Could you give the listing again exactly, without its pictures?

- SOURCE DATA
◆ ◆ ◆ ◆ ◆ ◆ ◆

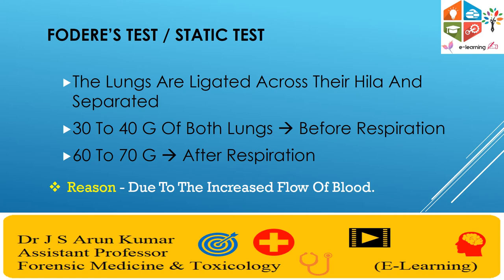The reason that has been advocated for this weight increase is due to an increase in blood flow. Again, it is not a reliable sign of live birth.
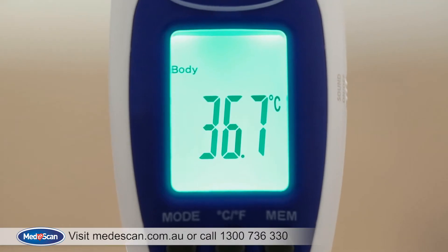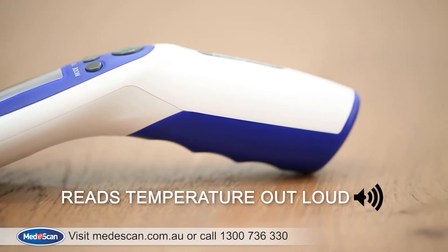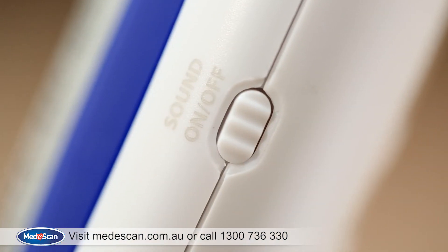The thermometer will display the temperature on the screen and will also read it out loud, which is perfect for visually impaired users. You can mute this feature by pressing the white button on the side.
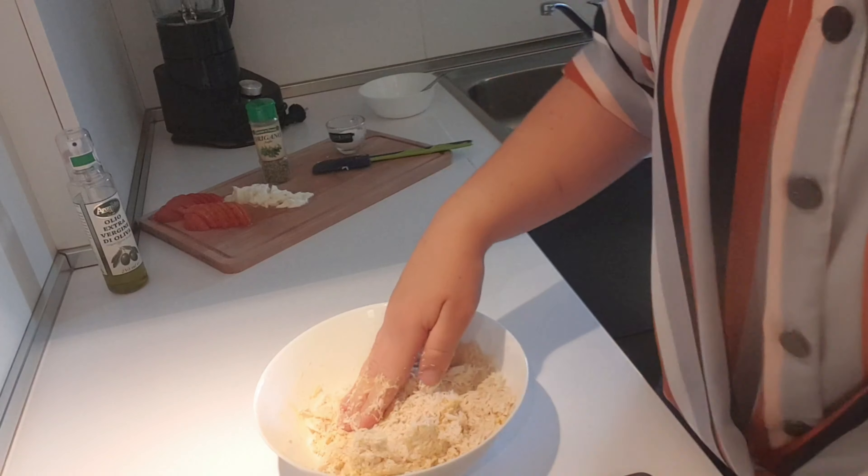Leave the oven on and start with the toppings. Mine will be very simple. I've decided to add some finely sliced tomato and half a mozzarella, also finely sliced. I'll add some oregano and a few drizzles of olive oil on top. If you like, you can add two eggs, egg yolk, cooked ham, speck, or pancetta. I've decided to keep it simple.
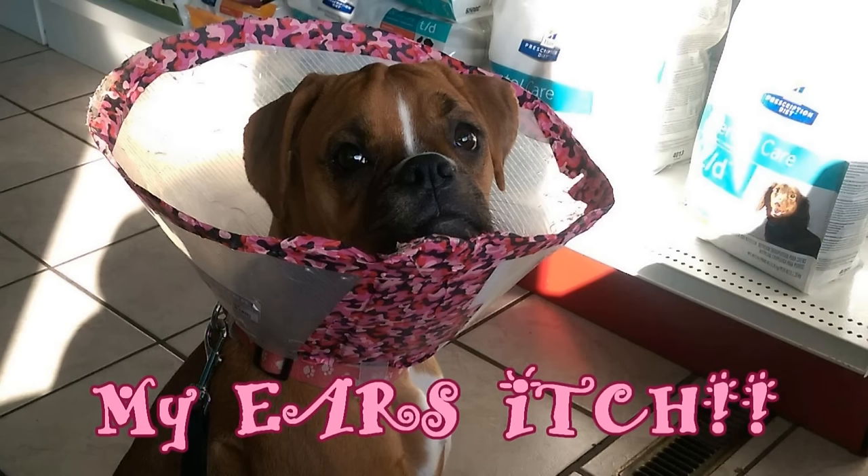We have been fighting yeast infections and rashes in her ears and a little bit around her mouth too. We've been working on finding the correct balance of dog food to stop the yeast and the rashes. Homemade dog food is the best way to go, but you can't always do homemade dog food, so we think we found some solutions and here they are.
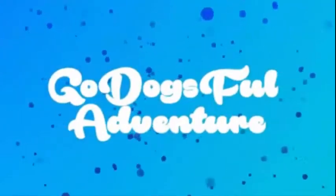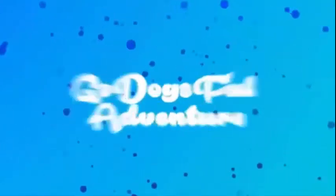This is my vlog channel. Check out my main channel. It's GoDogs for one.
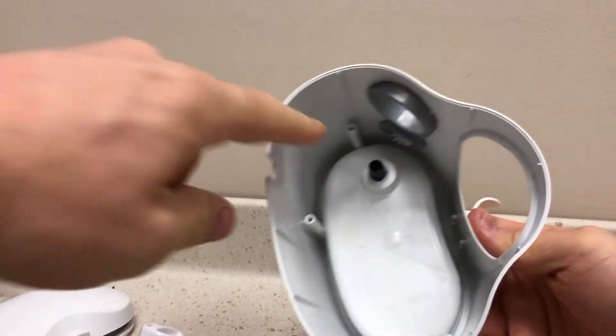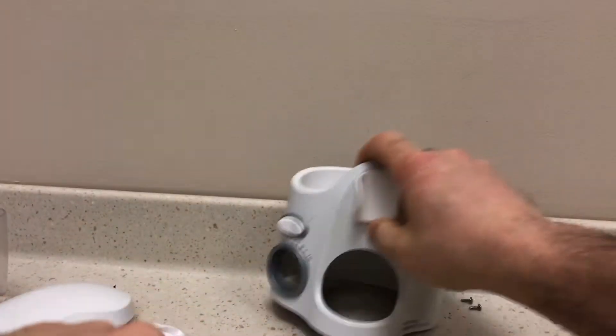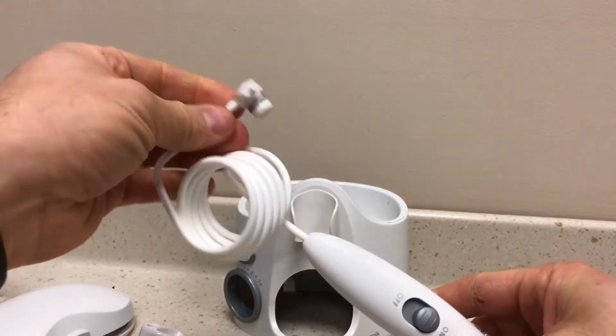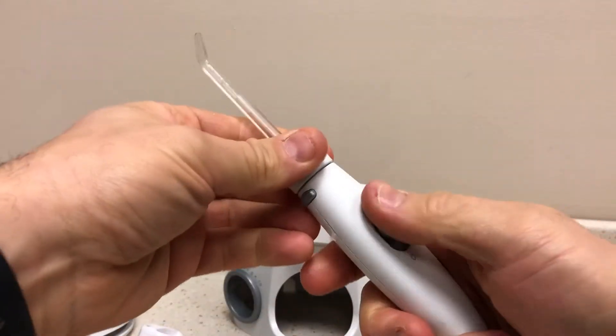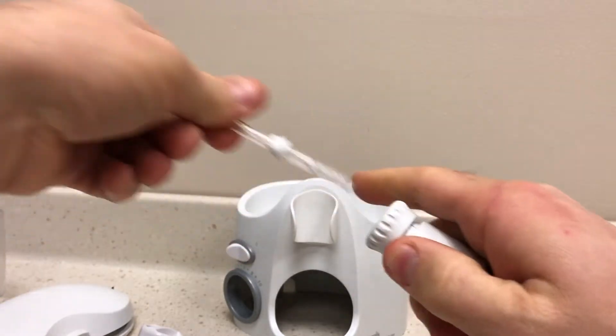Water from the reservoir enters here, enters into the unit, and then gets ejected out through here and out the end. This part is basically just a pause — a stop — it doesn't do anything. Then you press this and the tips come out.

◆ ◆ ◆ ◆ ◆ ◆ ◆

- EXPECTED ANSWER
The reason that has been advocated for this weight increase is due to an increase in blood flow. Again, it is not a reliable sign of live birth.
The thermometer will display the temperature on the screen and will also read it out loud, which is perfect for visually impaired users. You can mute this feature by pressing the white button on the side.
Leave the oven on and start with the toppings. Mine will be very simple. I've decided to add some finely sliced tomato and half a mozzarella, also finely sliced. I'll add some oregano and a few drizzles of olive oil on top. If you like, you can add two eggs, egg yolk, cooked ham, speck, or pancetta. I've decided to keep it simple.
We have been fighting yeast infections and rashes in her ears and a little bit around her mouth too. We've been working on finding the correct balance of dog food to stop the yeast and the rashes. Homemade dog food is the best way to go, but you can't always do homemade dog food, so we think we found some solutions and here they are.
This is my vlog channel. Check out my main channel. It's GoDogs for one.
Water from the reservoir enters here, enters into the unit, and then gets ejected out through here and out the end. This part is basically just a pause — a stop — it doesn't do anything. Then you press this and the tips come out.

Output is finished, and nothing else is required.